Das deutsche Drama „Futur Drei“ ist der Gewinner des Teddy Awards 2020 in der Kategorie des besten Spielfilmes. Das autobiographisch geprägte Regiedebüt von Faraz Shariat porträtiert Parvis, den queeren, sorglos lebenden Sohn zweier in Hildesheim ansässiger Exil-Iraner, als dieser das gerade aus dem Iran geflüchtete Geschwisterpaar Amon und Banafshe kennenlernt. Die Ménage-à-trois vor dem Hintergrund des Lebens als Migrant*in in Deutschland überzeugte nicht nur die siebenköpfige Jury, der Coming-of-Age-Streifen erhielt auch den von queer.de vergebenen Teddy Readers Award.

Bei der Verleihung, die Freitagabend in der Berliner Volksbühne stattfand, gab es starke musikalische Darbietungen von der trans Saxophonistin Holly Schlott und dem extravaganten Sänger Leopold, dessen Single „This“ ein starkes Zeichen gegen Hass setzt. Ein wahres Juwel war der Auftritt des Kontratenors Edson Cordeiro mit dem Babylon Orchester Berlin mit dem „Lila Lied“, der schwul-lesbischen Hymne der Weimarer Republik. Währenddessen wurden Auszüge aus dem unter Mitwirkung von Magnus Hirschfeld entstandenen Film „Anders als die anderen“ (1919) gezeigt.

Die Galazeremonie am Rosa-Luxemburg-Platz war die 34. Ausgabe des Teddy Awards, des weltweit ersten offiziellen Preises für LGBTI*-Filme auf einem A-Festival. 1987 wurde der Teddy zum ersten Mal verliehen. Die Berlinale, die dieses Jahr ihr 70. Jubiläum feiert, wartete wieder mit einer interessanten Auswahl an Filmen mit LGBTI*-Bezug auf. In der Kategorie Spielfilm gab es diesmal 17 verschiedene Filme mit queerer Thematik. „Futur Drei“ konnte sich gegen ebenbürtige Werke wie das satirische Biopic „The Twentieth Century“ und das Drama „Shirley“ durchsetzen.

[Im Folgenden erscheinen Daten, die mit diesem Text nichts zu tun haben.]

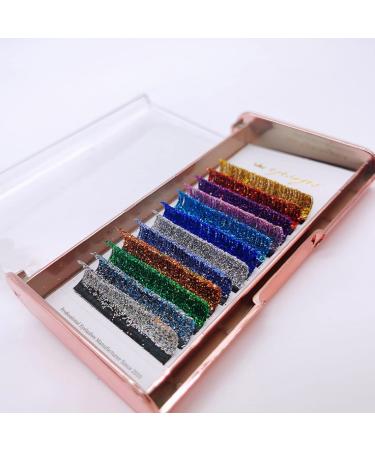 Buy Shiny Colorful C Curl Easy Fan Volume Lash Extensions - Self Blooming & Rapid Volume Eyelashes for Stunning Looks - Buy Online on GoSupps.com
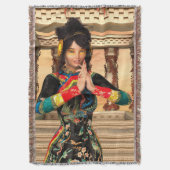Chinese keizerin fantasie portretkunst deken (Voorkant Verticaal)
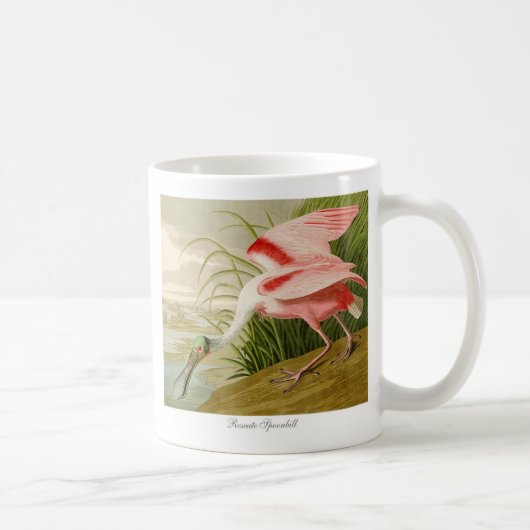 Roseate Spoonbill Coffee Mok (Rechts)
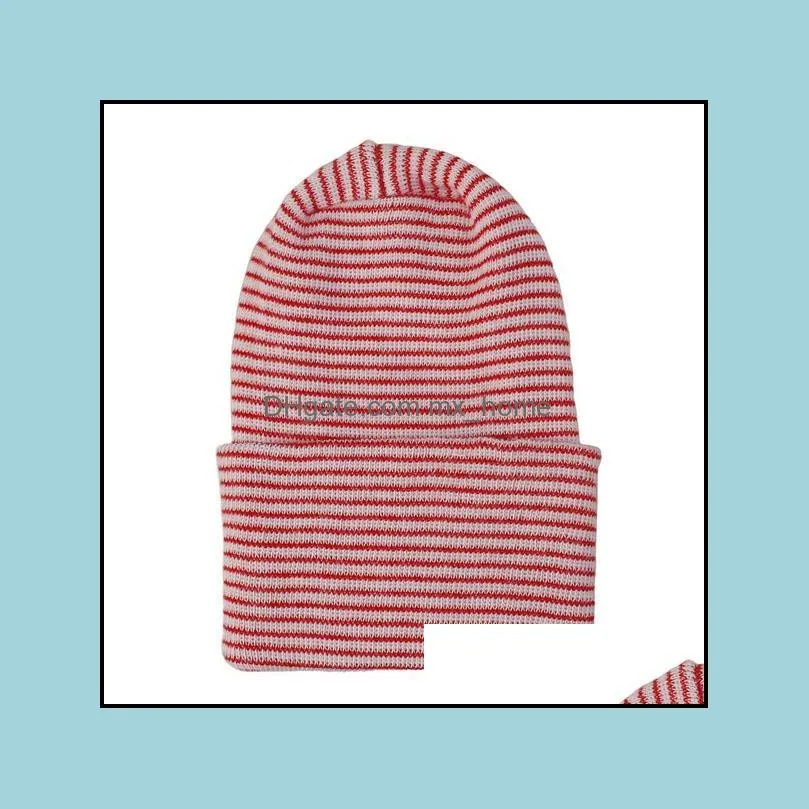 new autumn winter infant baby hat child babies stripe hats soft beanie kids knitted hat 15334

Als bester Dokumentarfilm wurde „Si c’était de l’amour“ ausgezeichnet, ein Film, der mit geballter erotischer Energie in Gisèle Viennes Rave-Tanzstück „Crowd“ eintaucht. Regisseur Patric Chiha nahm seinen Preis über Skype entgegen. Das knapp 14 Minuten lange argentinische Werk „Playback. Ensayo de una despedida“ von Agustina Comedi erhielt den Teddy für den besten Kurzfilm. Darin erzählt die trans Frau La Delpi von ihren bunten Kellershows - ein Protest gegen die Polizeigewalt in den 80er-Jahren und den Umgang mit HIV und Aids. Der Special Jury Award wurde an den Spielfilm „Rizi“ aus Taiwan verliehen, Tsai Ming-Liangs gefühlvolle Erzählung über die sexuelle Begegnung zweier einsamer Männer.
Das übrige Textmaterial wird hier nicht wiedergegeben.